TCP Audio/Video Chat

TCP Xcvr (or Transceiver) is a point to point audio/video chat program written in Python. It is designed to send audio and video signals between two host IP address on a LAN. It was originally conceived as a learning exercise for the Python socket library, but quickly grew to cover the OpenCV video library, PyAudio, and the TkInter GUI Library. A screen shot of the GUI is shown below.

1. Operation

As shown in the figure, the Xcvr GUI is a no frills TkInter interface with a fewer frills remote host editor. When the program starts, it listens on the local host for remote connections over port 4096. When a remote connection is detected, the local transmit function is initialized, and two way transmission is established. To initiate a connection, select a remote host from the list and click the ‘Select’ button, then click on the ‘Call’ button. The ‘Call’ button turns into a ‘Disconnect’ button which is used to terminate the call.

When the program starts, it checks for a ‘remote_hosts.dat’ file which contains the computer name and IP address of each host in the list. If it doesn’t find the file, it creates a temporary list (Host1, Host2, Host3 etc.) which can be edited. To edit the list, click on a name. The name and IP address will appear in the two entry boxes. After editing, clicking on the ‘Edit’ button will update the list and update or create the ‘remote_hosts.dat’ file.

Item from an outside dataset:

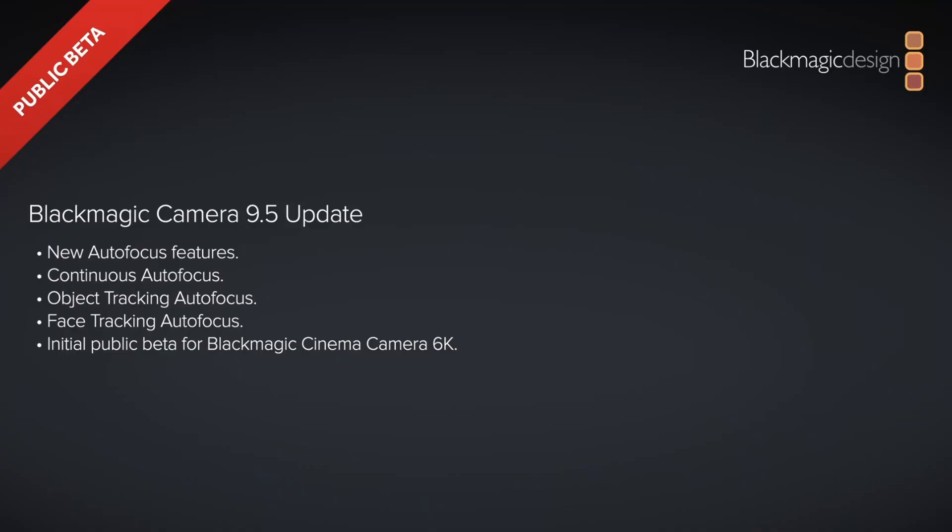Hey everyone, I'm Jake and you're back at Mediaverse Studios. Today we're looking at the Cinema Camera 6K from Blackmagic. They just got a firmware update currently in beta — that's version 9.5 — and they claim that it's adding phase detect autofocus.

Similarly, clicking on the ‘Add’ button will add the entry box info to the list, and update the file. The ‘Delete’ button will remove a list entry and update the file.

The ‘Exit’ button and the close button in the upper right hand corner terminate the program.

2. Audio Video Synchronization

One of the main stumbling blocks in the program development was how to combine the audio and video, and maintain synchronization. There are a few multimedia libraries around, but they’re either obsolete, or incompatible with Python 3 and Windows. The final method might not be the best but it works and its reasonably straightforward.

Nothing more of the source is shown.